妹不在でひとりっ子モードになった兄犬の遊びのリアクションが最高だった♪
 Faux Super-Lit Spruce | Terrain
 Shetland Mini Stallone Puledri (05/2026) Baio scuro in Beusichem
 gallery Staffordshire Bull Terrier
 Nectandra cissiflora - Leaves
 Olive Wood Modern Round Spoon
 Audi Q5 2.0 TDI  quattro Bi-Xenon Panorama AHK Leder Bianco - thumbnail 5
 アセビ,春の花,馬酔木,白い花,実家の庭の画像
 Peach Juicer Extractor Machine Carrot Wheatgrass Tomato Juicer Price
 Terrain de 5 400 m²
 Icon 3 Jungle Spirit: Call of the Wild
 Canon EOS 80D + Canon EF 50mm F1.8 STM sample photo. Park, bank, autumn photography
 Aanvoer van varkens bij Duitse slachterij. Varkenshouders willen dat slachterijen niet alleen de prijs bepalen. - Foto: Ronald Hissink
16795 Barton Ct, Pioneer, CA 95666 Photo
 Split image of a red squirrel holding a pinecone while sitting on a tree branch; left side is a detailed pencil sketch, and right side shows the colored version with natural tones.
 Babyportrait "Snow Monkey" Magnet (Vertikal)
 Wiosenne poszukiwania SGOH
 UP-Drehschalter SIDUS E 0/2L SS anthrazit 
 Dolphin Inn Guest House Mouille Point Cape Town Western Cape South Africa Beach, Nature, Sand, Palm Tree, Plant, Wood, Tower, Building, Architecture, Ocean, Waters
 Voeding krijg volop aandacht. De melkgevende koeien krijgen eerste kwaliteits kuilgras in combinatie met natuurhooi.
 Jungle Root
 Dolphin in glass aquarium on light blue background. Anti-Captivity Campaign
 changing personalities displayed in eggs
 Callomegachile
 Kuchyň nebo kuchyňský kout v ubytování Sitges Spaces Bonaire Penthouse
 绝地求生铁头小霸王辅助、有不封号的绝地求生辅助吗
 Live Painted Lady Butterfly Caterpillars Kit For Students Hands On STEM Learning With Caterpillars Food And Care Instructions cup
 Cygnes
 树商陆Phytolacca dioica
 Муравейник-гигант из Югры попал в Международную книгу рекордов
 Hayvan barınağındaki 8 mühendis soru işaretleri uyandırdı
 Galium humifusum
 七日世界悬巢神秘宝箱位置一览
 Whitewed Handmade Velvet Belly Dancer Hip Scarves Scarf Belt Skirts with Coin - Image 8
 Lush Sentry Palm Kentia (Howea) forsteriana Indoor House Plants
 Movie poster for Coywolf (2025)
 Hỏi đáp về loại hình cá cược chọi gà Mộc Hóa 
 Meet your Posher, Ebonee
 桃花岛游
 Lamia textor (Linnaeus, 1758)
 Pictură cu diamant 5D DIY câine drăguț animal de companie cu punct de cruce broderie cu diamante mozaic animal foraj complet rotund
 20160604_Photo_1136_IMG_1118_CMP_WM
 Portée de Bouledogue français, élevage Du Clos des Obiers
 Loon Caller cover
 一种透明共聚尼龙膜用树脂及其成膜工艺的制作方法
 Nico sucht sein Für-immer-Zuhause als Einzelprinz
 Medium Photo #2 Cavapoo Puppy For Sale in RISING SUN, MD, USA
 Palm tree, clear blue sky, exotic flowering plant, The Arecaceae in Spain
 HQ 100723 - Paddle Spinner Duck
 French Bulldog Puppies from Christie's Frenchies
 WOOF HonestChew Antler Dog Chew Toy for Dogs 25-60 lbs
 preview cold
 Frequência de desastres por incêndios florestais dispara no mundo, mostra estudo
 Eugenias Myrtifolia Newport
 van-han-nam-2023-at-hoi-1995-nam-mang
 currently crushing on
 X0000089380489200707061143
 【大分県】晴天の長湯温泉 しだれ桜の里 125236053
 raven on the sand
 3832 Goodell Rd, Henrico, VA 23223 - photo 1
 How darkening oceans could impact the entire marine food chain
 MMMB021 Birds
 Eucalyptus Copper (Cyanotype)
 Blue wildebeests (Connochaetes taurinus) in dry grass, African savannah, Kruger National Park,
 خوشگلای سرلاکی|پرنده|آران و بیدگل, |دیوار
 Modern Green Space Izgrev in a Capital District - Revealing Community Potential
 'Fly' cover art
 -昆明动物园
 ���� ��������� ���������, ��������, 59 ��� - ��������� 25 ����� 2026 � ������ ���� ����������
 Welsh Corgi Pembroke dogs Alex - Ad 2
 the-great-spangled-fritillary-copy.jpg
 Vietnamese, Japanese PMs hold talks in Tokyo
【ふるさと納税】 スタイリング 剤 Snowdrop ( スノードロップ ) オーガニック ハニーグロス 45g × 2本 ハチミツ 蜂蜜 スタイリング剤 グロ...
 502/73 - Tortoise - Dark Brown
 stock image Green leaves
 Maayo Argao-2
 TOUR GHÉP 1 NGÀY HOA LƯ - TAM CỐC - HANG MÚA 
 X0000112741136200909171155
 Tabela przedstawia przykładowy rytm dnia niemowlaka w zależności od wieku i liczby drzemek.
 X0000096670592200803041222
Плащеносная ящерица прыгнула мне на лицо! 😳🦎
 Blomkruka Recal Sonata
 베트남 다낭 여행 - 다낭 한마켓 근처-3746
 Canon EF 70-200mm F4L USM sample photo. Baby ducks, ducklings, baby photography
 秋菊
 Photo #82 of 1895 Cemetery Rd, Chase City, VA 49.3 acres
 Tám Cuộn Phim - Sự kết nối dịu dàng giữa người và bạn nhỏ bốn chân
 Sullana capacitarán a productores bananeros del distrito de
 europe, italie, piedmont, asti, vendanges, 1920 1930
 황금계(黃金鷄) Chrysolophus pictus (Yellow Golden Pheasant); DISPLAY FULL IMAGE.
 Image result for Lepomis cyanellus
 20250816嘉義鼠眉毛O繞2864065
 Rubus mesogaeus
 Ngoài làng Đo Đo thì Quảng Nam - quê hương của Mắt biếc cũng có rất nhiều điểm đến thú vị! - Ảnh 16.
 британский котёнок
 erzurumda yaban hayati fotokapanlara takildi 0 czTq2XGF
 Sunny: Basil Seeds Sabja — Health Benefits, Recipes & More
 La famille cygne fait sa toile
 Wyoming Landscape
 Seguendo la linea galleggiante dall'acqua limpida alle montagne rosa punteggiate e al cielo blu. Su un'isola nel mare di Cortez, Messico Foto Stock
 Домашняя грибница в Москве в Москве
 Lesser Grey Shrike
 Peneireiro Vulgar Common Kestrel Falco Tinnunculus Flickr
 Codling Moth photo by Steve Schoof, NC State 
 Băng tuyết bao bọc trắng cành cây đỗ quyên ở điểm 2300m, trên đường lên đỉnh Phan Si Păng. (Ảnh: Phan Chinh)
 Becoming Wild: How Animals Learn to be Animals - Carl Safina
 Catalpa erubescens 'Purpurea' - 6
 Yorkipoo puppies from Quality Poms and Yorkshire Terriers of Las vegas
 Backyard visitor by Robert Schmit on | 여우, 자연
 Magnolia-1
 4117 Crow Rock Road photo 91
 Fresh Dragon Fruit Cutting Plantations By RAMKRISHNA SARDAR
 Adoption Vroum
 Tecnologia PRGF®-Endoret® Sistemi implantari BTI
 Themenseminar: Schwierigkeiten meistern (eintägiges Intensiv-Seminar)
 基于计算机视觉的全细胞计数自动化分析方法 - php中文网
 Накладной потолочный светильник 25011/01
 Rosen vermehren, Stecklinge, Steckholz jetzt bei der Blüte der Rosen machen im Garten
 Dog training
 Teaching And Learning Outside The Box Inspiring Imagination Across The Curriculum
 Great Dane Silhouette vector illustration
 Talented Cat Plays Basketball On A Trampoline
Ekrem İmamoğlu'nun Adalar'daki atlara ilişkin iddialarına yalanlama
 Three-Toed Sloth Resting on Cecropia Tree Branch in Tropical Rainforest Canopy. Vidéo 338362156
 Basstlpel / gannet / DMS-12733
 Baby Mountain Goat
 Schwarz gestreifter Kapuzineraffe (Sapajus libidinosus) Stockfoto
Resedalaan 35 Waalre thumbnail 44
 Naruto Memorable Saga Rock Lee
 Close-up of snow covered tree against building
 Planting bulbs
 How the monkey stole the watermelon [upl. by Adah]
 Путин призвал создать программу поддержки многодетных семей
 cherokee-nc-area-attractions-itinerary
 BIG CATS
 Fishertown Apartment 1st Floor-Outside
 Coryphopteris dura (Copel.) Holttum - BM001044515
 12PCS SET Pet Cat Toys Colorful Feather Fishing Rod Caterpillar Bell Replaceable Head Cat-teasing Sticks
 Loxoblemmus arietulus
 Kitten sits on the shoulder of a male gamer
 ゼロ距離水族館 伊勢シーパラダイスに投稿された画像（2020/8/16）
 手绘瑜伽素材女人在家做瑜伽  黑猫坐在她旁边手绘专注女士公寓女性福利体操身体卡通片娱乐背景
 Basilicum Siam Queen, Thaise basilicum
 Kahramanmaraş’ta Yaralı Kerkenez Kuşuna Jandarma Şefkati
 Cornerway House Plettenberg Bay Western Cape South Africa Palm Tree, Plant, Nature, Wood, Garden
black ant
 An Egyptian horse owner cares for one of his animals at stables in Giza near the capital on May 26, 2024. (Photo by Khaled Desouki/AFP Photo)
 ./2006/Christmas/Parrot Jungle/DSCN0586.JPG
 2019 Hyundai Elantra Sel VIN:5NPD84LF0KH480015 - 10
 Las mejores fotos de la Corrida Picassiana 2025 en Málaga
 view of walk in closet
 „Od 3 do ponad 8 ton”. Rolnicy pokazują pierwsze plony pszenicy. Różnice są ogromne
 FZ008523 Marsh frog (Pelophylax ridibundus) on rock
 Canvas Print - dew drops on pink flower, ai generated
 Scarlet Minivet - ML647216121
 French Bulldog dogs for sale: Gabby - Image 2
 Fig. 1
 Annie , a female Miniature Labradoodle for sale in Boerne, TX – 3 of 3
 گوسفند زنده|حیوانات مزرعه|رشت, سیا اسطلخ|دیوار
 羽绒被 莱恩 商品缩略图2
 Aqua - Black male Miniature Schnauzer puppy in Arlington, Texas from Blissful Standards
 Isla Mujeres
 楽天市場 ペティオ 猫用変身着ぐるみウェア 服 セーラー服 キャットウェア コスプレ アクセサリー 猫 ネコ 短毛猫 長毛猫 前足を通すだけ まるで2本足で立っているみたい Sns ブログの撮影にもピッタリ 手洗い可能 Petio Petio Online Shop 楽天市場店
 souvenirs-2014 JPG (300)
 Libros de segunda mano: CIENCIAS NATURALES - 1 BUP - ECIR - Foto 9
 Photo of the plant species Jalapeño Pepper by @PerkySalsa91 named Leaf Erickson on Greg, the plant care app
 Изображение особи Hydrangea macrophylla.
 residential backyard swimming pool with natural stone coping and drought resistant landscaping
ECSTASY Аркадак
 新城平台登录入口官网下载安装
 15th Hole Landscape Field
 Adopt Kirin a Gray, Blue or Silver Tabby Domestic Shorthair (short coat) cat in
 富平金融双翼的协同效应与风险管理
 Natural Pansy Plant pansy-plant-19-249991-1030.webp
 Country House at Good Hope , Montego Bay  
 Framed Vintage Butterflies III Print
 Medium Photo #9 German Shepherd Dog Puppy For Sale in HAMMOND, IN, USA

*YOUR GOAL*
Only those lines of the entries above that run from the line containing "Jungle Root" to the line containing "HQ 100723 - Paddle Spinner Duck", both included, should be transcribed exactly.

*FINISHED EXERCISE*
 Jungle Root
 Dolphin in glass aquarium on light blue background. Anti-Captivity Campaign
 changing personalities displayed in eggs
 Callomegachile
 Kuchyň nebo kuchyňský kout v ubytování Sitges Spaces Bonaire Penthouse
 绝地求生铁头小霸王辅助、有不封号的绝地求生辅助吗
 Live Painted Lady Butterfly Caterpillars Kit For Students Hands On STEM Learning With Caterpillars Food And Care Instructions cup
 Cygnes
 树商陆Phytolacca dioica
 Муравейник-гигант из Югры попал в Международную книгу рекордов
 Hayvan barınağındaki 8 mühendis soru işaretleri uyandırdı
 Galium humifusum
 七日世界悬巢神秘宝箱位置一览
 Whitewed Handmade Velvet Belly Dancer Hip Scarves Scarf Belt Skirts with Coin - Image 8
 Lush Sentry Palm Kentia (Howea) forsteriana Indoor House Plants
 Movie poster for Coywolf (2025)
 Hỏi đáp về loại hình cá cược chọi gà Mộc Hóa 
 Meet your Posher, Ebonee
 桃花岛游
 Lamia textor (Linnaeus, 1758)
 Pictură cu diamant 5D DIY câine drăguț animal de companie cu punct de cruce broderie cu diamante mozaic animal foraj complet rotund
 20160604_Photo_1136_IMG_1118_CMP_WM
 Portée de Bouledogue français, élevage Du Clos des Obiers
 Loon Caller cover
 一种透明共聚尼龙膜用树脂及其成膜工艺的制作方法
 Nico sucht sein Für-immer-Zuhause als Einzelprinz
 Medium Photo #2 Cavapoo Puppy For Sale in RISING SUN, MD, USA
 Palm tree, clear blue sky, exotic flowering plant, The Arecaceae in Spain
 HQ 100723 - Paddle Spinner Duck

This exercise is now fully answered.